Historically leptomeningeal metastases (LM) from melanoma have a poor prognosis, with a median survival of only 2 months despite treatment. Targeted therapy and immune checkpoint inhibitors are promising new treatment options in advanced melanoma. We sought to determine the impact of targeted therapy and immunotherapy on the outcome of melanoma patients with LM and to evaluate the influence of prognostic factors.

Patients and methods

We analyzed a series of 39 consecutive patients diagnosed with LM from melanoma between May 2010 and March 2015 treated at the Netherlands Cancer Institute. Thirty-four of these patients also had brain metastases (BM). Statistical analyses assessed the influence of clinical and biological characteristics on survival.

Results

Median overall survival of the entire cohort was 6.9 weeks (95% confidence interval 0.9–12.8). Due to a poor performance status or rapidly progressive disease, 14 patients received no treatment.
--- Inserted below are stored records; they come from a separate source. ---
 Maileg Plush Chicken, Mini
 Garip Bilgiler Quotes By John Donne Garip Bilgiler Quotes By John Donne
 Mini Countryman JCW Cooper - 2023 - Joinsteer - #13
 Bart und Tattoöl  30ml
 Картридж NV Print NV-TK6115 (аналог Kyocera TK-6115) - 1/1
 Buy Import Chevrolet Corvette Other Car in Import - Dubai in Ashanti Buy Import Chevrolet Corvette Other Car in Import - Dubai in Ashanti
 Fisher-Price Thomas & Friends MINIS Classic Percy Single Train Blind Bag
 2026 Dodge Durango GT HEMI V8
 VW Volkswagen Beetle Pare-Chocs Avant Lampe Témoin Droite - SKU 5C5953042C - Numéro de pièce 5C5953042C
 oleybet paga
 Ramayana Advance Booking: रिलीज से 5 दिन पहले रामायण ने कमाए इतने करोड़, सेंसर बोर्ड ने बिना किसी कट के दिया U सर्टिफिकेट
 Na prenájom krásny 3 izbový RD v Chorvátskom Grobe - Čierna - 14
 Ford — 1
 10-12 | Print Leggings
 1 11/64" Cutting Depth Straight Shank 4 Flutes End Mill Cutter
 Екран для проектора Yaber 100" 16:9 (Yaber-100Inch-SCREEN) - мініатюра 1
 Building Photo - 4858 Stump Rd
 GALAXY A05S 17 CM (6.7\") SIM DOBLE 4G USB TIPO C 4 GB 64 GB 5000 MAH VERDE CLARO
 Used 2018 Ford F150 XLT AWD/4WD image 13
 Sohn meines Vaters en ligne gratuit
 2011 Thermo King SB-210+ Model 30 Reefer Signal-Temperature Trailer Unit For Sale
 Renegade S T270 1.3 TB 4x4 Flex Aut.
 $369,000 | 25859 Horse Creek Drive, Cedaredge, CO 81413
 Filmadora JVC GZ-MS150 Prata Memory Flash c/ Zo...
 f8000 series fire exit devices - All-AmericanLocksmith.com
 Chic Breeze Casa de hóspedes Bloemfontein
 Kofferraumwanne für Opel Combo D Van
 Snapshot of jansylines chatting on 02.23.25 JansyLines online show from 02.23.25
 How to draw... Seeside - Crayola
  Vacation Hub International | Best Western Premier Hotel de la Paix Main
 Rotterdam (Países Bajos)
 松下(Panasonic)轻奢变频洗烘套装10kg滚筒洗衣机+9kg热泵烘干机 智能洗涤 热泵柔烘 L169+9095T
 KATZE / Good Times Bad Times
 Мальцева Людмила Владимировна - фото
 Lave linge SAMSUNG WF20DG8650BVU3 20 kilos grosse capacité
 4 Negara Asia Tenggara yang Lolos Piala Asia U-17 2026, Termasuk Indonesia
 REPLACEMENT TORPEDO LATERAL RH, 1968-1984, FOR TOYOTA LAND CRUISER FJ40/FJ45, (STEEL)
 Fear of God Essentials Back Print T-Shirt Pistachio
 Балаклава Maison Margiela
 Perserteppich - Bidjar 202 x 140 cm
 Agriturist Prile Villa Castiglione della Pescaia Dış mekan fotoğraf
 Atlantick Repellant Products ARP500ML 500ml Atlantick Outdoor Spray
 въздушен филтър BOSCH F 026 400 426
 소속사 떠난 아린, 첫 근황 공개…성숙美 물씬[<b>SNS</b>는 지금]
Median overall survival of untreated patients after the diagnosis of LM was 2.9 versus 16.9 weeks for treated patients (P < 0.001). The median survival of 21 patients treated with systemic targeted therapy and/or immunotherapy, with or without RT was 21.7 weeks (range 2–235 weeks). Five patients had LM without BM. Three of these patients died within 3 weeks before any treatment was given, whereas 2 patients are in ongoing remission for 26 weeks (following dabrafenib) and 235 weeks (following WBRT and ipilimumab). Elevated serum lactate dehydrogenase and S100B at diagnosis of LM were associated with shorter survival.

Conclusion

LM from melanoma still has an extremely poor prognosis. As observed in extracranial metastatic disease, new treatment modalities such as systemic targeted therapy and immune checkpoint inhibitors seem to increase overall survival in LM, and may result in long-term remission. These new treatment options should be considered in patients with LM.